The JD(U)’s decision to contest the UP elections on its own stems from more than merely the failure of seat sharing talks with the BJP. There is also a strong sense in influential JD(U) ranks that it should not be seen as an “ideological adjunct” to the BJP and must emphasise its separate identity.
Although the JD(U)’s go-it-alone resolve will only have a marginal, if any, impact in UP, its assertion of independence could become consequential in the post-2014 scenario, should the nation vote a hung Parliament. The JD(U) leaders are not prepared to speculate yet on whether this positioning is aimed at keeping their post-Lok Sabha poll options open but they are keen not to let their identity be swallowed by the BJP.
Although Nitish Kumar has not overtly endorsed party president Sharad Yadav’s decision to pull away from the BJP in UP, he may have quietly encouraged the leadership on ploughing a separate furrow.
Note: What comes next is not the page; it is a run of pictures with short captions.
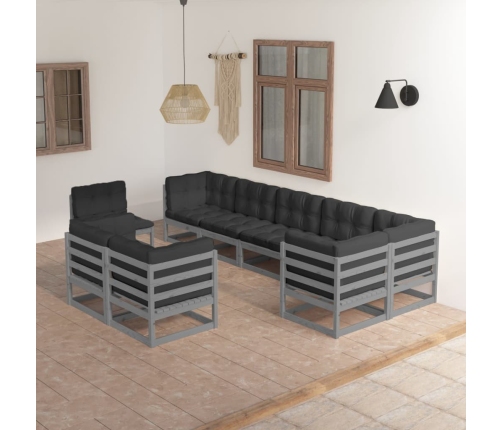 Juego de muebles de jardín 9 pzas y cojines madera maciza pino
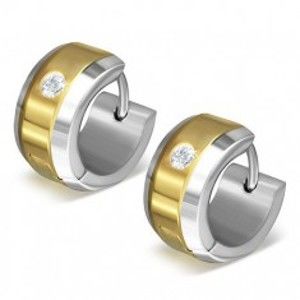 Šperky eshop - Náušnice z ocele 316L v zlato-striebornej farebnej kombinácii, číry zirkón S86.12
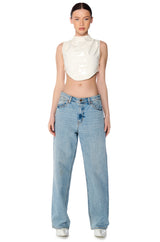 MY INFLUENCE MOCK NECK FAUX LEATHER SLEEVELESS TOP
Nitish runs the alliance in Bihar strictly on his own terms and is loath to enter any arrangement where the BJP would seem to have the upper hand. His insistent drawing of the lakshman rekha (boundary line) on Gujarat chief minister Narendra Modi’s role in Bihar is proof of that.
Although Nitish has consistently and strongly denied any ambitions of moving to Delhi, sources close to him maintain that his “future interests would not be hurt by keeping a few doors and options open”. Keeping, and strengthening, an identity distinct from the BJP is aimed at that end.
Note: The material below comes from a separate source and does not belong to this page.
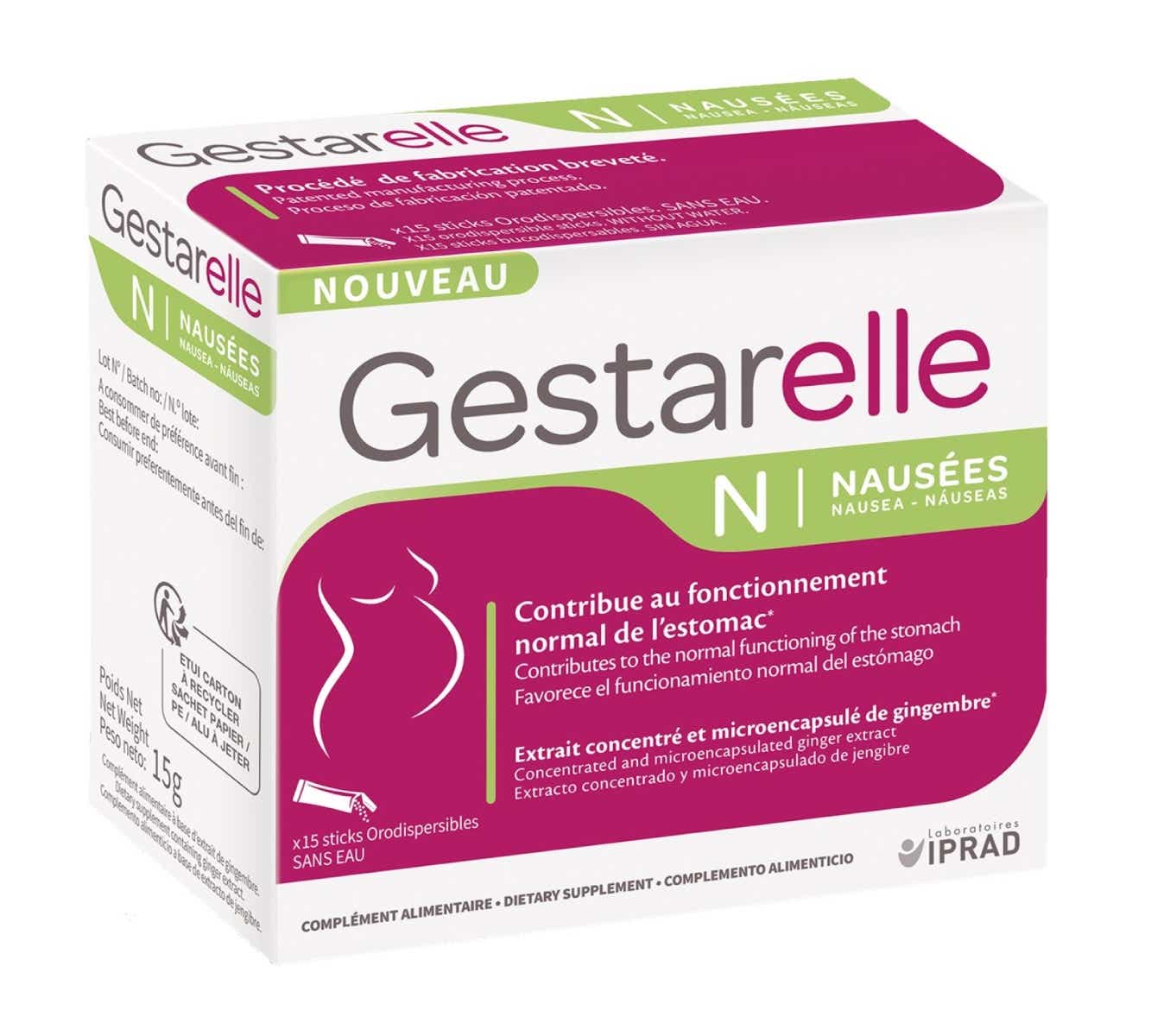IPRAD GESTARELLE N NAUSEES 15 STICKS ORODISPERSIBLES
“It is clear that should the BJP come under the dominant influence of leaders like Narendra Modi at the national-level, Nitish will look for a way out of the alliance irrespective of whether it is about Bihar or New Delhi,” the sources said.
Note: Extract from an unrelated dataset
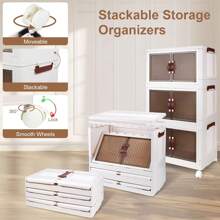 3 Tier Plastic Storage Bins With With Lids 26.5 Gal, Stackable Storage Containers With Wheels, Folding Storage Boxes, Collapsible Storage Bins, Closet Organizers And Storage For Living Room,Office,Dorm - Màu be - Xem 9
Nitish was not part of the nitty-gritty decision making over UP — he is currently busy conducting his Seva Yatra in Purnea in north-east Bihar — but the party sources confirmed he has “no quarrel” with Yadav’s decision and will “actively campaign” for the JD(U) in east and central UP. “He sees this as an opportunity to showcase the gains in Bihar outside the state and expand the base of the JD(U),” party sources said. “Large parts of east UP have social, cultural and linguistic commonalities with Bihar, there is nothing that says we should be a Bihar-only party.”
JD(U) general secretary K.C. Tyagi confirmed the party felt the need to fashion a sharper and larger identity, irrespective of the alliance with the BJP. “The alliance is not working beyond Bihar and the truth is we may not be terribly interested either,” Tyagi told The Telegraph a day after the party announced its rather angered decision to “contest all seats” in UP.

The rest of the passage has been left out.